Taking care of three 40-game winners, a potential Eastern Conference playoff opponent and avoiding a trap game against one of the East’s weak sisters speaks volumes about this team's consistency. It shows something they've been trying to tell anyone who would listen all season long, that they are serious contenders. In fact, they're getting a little ornery at constantly being asked to prove themselves.
"We're not here to prove nothing to nobody," said Johnson. "We're coming out to play hard and have fun for ourselves. We could care less what anybody else thinks of us. As long as we come out every night and compete, that's all we ask."
"We've proven that we are able to beat the best of the best teams and we're able to compete with the elite teams in this league," said power forward Josh Smith, who is averaging 17.0 points, 9.6 rebounds and 1.4 blocks over the last five games. "So I don't think we have anything to prove on that note. We've just got to play our game. I don't think we'll worry about anything if we do that."
Playing their game means playing with confidence and defending. So far in seven March home games, the Hawks, who are 33-9 when holding teams under 100 points, have allowed only one opponent to even reach 90 and have held their opponents to 20 points or less in eight of the 14 second-half quarters.

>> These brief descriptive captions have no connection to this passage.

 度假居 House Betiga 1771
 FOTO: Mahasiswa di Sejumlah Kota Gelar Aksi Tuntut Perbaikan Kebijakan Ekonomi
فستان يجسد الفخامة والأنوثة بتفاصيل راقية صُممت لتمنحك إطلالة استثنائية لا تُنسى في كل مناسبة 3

“We’ve definitely learned that we need to raise our level of play and really focus in on defending and rebounding,” said center Al Horford, who has stepped up, scoring 14.2 points and 10.4 boards over his last 10 games.

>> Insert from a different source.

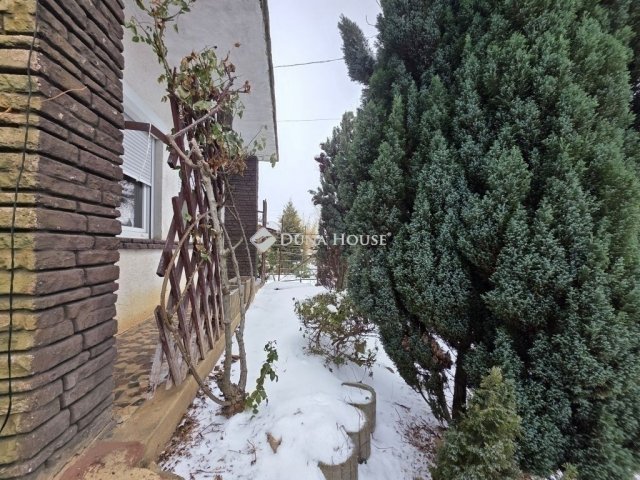 Eladó családi ház, Gyömrőn 129 M Ft, 7 szobás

“Last year we just had lapses where we kept on losing focus and maybe got off track,” he added. “This year we know what it takes to be one of the better teams and we're really taking care of the games that we're supposed to take care of. You're going to see us playing at a high level because there's going to be so many good teams that are going to be coming in here back-to-back. We're excited about the challenge.”
That challenge escalates at the end of March, as Philips sees a murderer's row of San Antonio (March 25), Boston (March 27) and the Lakers (March 29).
"It's our schedule. It is what it is," said Woodson, whose team is 12-3 at home the last two years in March. "When we looked at the schedule coming into the season, there were some months like February, where we only had three home games and eight road games and we had to figure out how we were going to win games out on the road. We went 4-4, which was very respectable for our team. It doesn't matter who you're playing. My whole ideal is if you can take the Celtics to seven games there's not a team you can't beat in this league. I don't care if it's on the road or at home. Sure, it's better at home because you're comfortable at home. You're playing in front of your fans, on your own floor. We've got to take them one game at a time."
While the Hawks refuse to admit they're looking past the day on the calendar, they can't help but have one eye on late-April and May, something they're getting a taste of now.
"The good thing about the good teams coming to town is it's going to be perfect for us to get ready for the playoffs," said center Zaza Pachulia. "It's going to be playoff intensity. They're good teams and they don't want to lose. They're playing for something too. No games will be easy. So that's a good thing. We're going to be used to playoff-intensity games for the playoffs."
"Nobody ever said it was going to be easy," added veteran guard Flip Murray. "Even though we have a lot of home games, it's going to be tough. We have some great games coming up against some great teams so we've just got to be prepared to step up to the challenge."